_Work order_:
Give the data again exactly, without its images.

** Records shown follows **

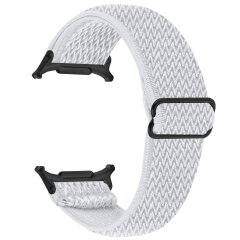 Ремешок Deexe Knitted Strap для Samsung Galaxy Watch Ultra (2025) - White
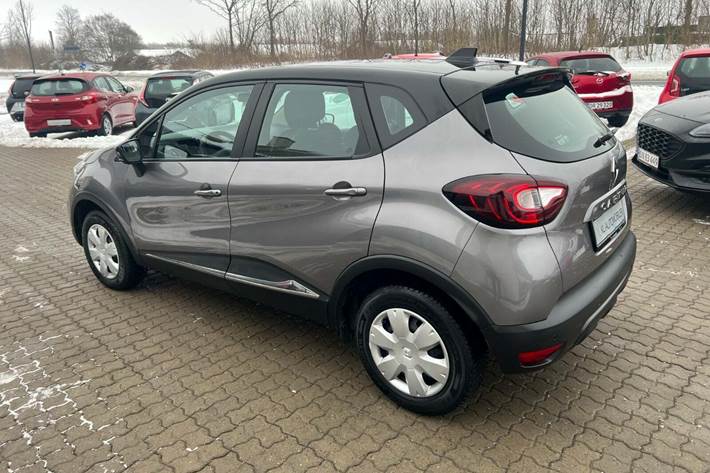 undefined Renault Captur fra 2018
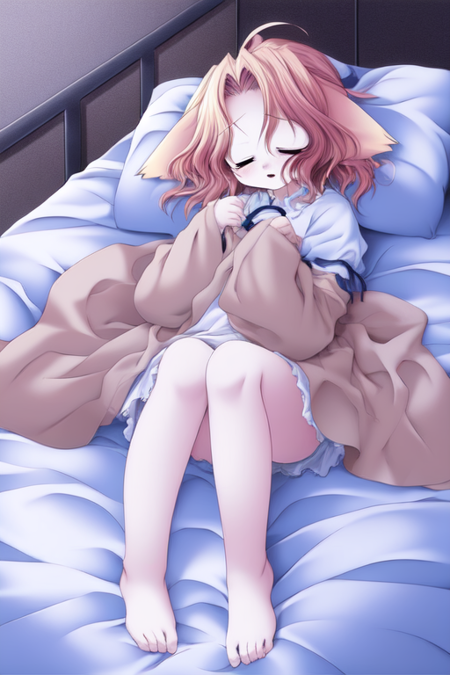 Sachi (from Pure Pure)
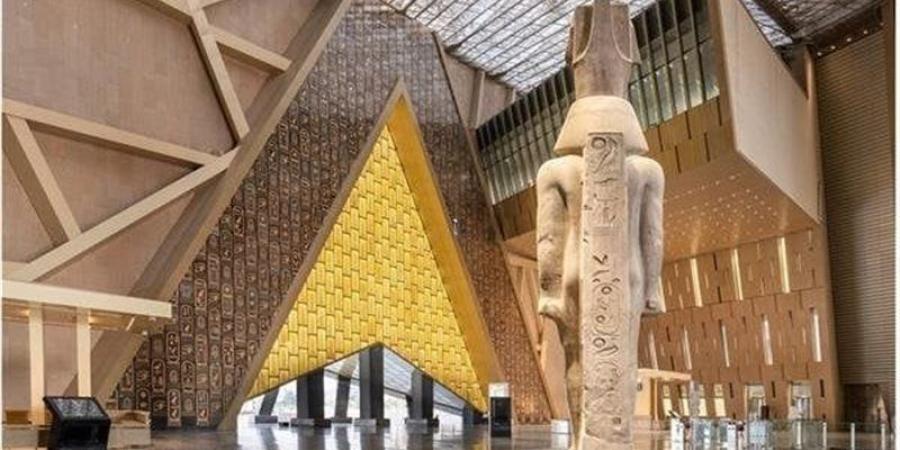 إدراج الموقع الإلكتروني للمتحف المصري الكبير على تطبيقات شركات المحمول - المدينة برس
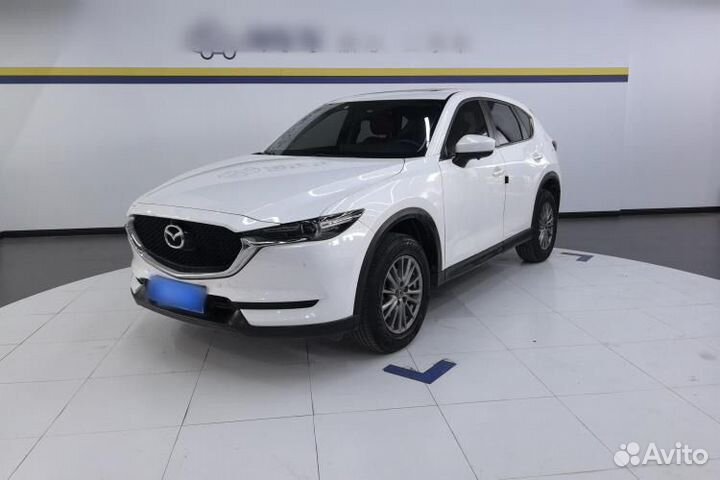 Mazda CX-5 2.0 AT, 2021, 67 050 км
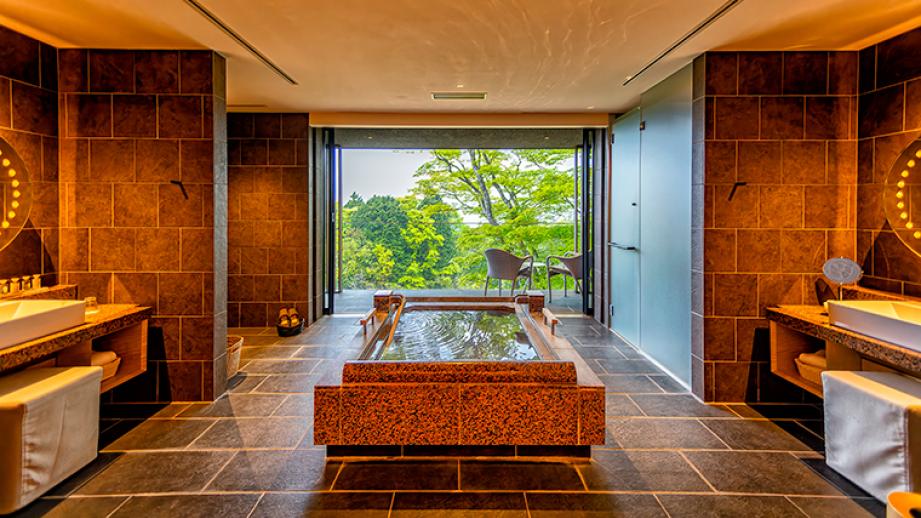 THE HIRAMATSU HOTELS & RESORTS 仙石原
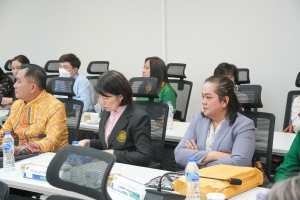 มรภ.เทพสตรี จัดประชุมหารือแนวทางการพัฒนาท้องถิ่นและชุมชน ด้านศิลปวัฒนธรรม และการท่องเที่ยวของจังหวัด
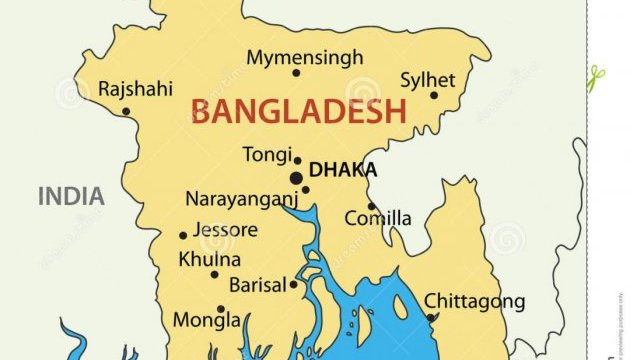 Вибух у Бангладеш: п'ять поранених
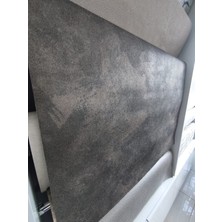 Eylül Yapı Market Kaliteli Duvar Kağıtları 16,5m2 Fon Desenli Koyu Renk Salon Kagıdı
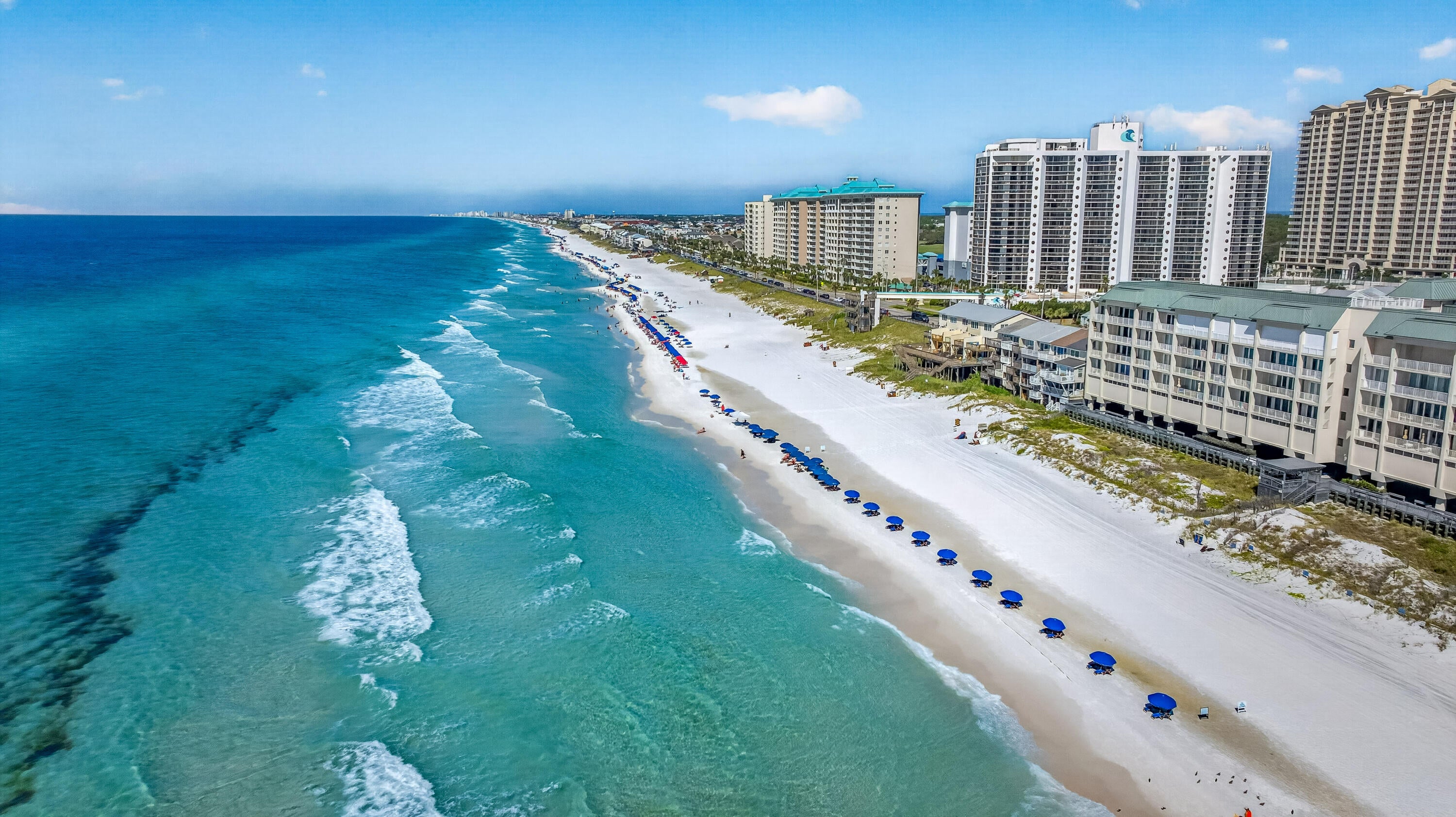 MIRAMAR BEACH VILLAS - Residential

** End of Records shown **

_Answer section_:
 Ремешок Deexe Knitted Strap для Samsung Galaxy Watch Ultra (2025) - White
 undefined Renault Captur fra 2018
 Sachi (from Pure Pure)
 إدراج الموقع الإلكتروني للمتحف المصري الكبير على تطبيقات شركات المحمول - المدينة برس
 Mazda CX-5 2.0 AT, 2021, 67 050 км
 THE HIRAMATSU HOTELS & RESORTS 仙石原
 มรภ.เทพสตรี จัดประชุมหารือแนวทางการพัฒนาท้องถิ่นและชุมชน ด้านศิลปวัฒนธรรม และการท่องเที่ยวของจังหวัด
 Вибух у Бангладеш: п'ять поранених
 Eylül Yapı Market Kaliteli Duvar Kağıtları 16,5m2 Fon Desenli Koyu Renk Salon Kagıdı
 MIRAMAR BEACH VILLAS - Residential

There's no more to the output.